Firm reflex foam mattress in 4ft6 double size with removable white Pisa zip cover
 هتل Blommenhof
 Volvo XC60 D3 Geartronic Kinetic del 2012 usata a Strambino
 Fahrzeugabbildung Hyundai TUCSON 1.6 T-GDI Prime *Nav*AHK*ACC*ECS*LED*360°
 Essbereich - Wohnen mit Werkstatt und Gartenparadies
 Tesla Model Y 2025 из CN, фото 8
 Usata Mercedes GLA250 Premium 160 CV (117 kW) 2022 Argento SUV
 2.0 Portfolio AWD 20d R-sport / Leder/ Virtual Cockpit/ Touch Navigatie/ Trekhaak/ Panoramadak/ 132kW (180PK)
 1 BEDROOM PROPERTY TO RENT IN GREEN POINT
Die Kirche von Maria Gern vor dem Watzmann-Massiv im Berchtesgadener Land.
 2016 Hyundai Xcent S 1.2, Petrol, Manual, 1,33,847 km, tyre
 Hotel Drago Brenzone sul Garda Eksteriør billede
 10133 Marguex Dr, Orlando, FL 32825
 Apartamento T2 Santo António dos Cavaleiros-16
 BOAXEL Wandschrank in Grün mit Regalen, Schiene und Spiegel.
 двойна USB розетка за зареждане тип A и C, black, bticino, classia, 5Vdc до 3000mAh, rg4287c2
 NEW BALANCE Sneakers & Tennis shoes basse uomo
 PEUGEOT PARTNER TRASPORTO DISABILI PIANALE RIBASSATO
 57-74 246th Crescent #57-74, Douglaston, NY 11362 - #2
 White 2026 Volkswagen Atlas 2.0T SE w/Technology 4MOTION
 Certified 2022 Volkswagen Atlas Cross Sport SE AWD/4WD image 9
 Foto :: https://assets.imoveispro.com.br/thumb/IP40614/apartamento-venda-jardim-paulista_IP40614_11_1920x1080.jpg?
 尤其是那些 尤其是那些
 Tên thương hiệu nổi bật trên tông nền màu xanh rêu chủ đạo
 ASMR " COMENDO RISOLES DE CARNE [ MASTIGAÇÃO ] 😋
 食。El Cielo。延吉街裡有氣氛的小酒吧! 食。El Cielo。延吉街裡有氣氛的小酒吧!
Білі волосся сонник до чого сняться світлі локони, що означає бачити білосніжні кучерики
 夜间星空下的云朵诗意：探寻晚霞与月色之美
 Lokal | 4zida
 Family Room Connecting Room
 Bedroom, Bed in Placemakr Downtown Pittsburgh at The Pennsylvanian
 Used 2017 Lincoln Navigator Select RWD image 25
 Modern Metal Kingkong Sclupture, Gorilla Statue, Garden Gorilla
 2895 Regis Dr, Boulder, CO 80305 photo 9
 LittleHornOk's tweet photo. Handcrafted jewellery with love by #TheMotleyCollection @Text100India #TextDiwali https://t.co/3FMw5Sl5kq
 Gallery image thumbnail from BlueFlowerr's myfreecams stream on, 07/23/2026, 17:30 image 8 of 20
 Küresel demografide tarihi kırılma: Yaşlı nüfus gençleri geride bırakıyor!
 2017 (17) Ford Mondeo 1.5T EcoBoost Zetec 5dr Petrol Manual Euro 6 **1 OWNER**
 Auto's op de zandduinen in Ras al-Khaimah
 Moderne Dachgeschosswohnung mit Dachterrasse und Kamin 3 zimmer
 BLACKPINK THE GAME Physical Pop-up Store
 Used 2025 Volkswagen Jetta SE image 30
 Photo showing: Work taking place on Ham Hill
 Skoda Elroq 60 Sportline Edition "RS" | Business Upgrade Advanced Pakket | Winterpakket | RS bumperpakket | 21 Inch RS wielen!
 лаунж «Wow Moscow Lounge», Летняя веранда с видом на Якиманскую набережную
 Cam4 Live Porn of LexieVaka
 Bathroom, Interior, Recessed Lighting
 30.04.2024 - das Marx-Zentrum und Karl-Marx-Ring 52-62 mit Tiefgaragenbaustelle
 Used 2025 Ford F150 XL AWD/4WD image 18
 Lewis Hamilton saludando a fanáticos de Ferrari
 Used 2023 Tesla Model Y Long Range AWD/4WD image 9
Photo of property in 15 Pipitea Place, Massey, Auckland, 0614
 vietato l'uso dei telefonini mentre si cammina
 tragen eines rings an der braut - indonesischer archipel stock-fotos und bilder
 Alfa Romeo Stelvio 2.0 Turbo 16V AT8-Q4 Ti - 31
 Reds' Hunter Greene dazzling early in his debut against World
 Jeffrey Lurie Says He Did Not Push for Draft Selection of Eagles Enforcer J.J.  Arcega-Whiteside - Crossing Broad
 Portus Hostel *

- - - - - - -

[WORK INSTRUCTIONS]
Each line from the start of the listing through the line with "食。El Cielo。延吉街裡有氣氛的小酒吧! 食。El" is to be restated verbatim, both ends included.

[EXERCISE SOLUTION]
Firm reflex foam mattress in 4ft6 double size with removable white Pisa zip cover
 هتل Blommenhof
 Volvo XC60 D3 Geartronic Kinetic del 2012 usata a Strambino
 Fahrzeugabbildung Hyundai TUCSON 1.6 T-GDI Prime *Nav*AHK*ACC*ECS*LED*360°
 Essbereich - Wohnen mit Werkstatt und Gartenparadies
 Tesla Model Y 2025 из CN, фото 8
 Usata Mercedes GLA250 Premium 160 CV (117 kW) 2022 Argento SUV
 2.0 Portfolio AWD 20d R-sport / Leder/ Virtual Cockpit/ Touch Navigatie/ Trekhaak/ Panoramadak/ 132kW (180PK)
 1 BEDROOM PROPERTY TO RENT IN GREEN POINT
Die Kirche von Maria Gern vor dem Watzmann-Massiv im Berchtesgadener Land.
 2016 Hyundai Xcent S 1.2, Petrol, Manual, 1,33,847 km, tyre
 Hotel Drago Brenzone sul Garda Eksteriør billede
 10133 Marguex Dr, Orlando, FL 32825
 Apartamento T2 Santo António dos Cavaleiros-16
 BOAXEL Wandschrank in Grün mit Regalen, Schiene und Spiegel.
 двойна USB розетка за зареждане тип A и C, black, bticino, classia, 5Vdc до 3000mAh, rg4287c2
 NEW BALANCE Sneakers & Tennis shoes basse uomo
 PEUGEOT PARTNER TRASPORTO DISABILI PIANALE RIBASSATO
 57-74 246th Crescent #57-74, Douglaston, NY 11362 - #2
 White 2026 Volkswagen Atlas 2.0T SE w/Technology 4MOTION
 Certified 2022 Volkswagen Atlas Cross Sport SE AWD/4WD image 9
 Foto :: https://assets.imoveispro.com.br/thumb/IP40614/apartamento-venda-jardim-paulista_IP40614_11_1920x1080.jpg?
 尤其是那些 尤其是那些
 Tên thương hiệu nổi bật trên tông nền màu xanh rêu chủ đạo
 ASMR " COMENDO RISOLES DE CARNE [ MASTIGAÇÃO ] 😋
 食。El Cielo。延吉街裡有氣氛的小酒吧! 食。El Cielo。延吉街裡有氣氛的小酒吧!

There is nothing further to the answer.